Repeat exactly what runs from the line containing "The first thing" through the last line of the material below. Do not copy the pictures.

**Information provided**

==========

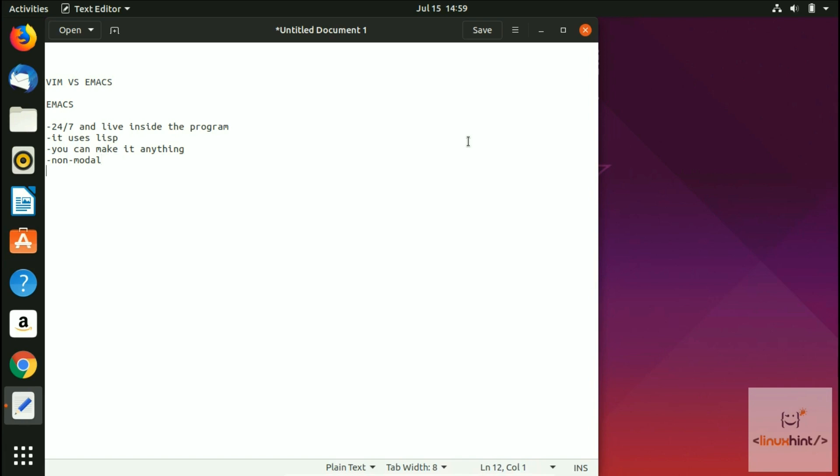It is more extendable. More extendable. And excellent support for GNU tools. It offers excellent support for GNU tools.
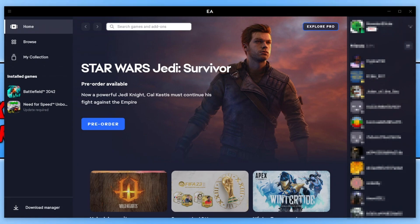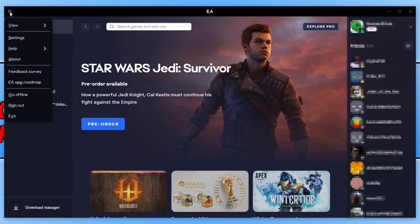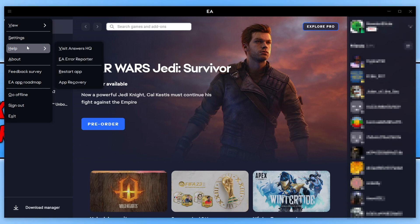The first thing you need to do is simply open up the app, and once you have it open you then need to select the three lines in the top left hand corner. You then need to go down to Help, and you will then see the option that says App Recovery. You need to click onto this.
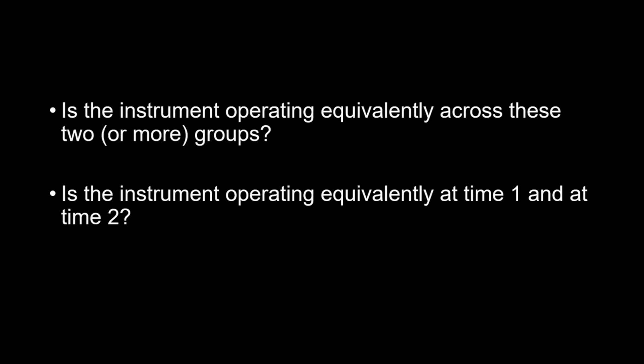So, with measurement invariance testing, you can assess whether the construct of interest is psychometrically equivalent across groups, but also across time.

==========

**Response to this exercise**
The first thing you need to do is simply open up the app, and once you have it open you then need to select the three lines in the top left hand corner. You then need to go down to Help, and you will then see the option that says App Recovery. You need to click onto this.
So, with measurement invariance testing, you can assess whether the construct of interest is psychometrically equivalent across groups, but also across time.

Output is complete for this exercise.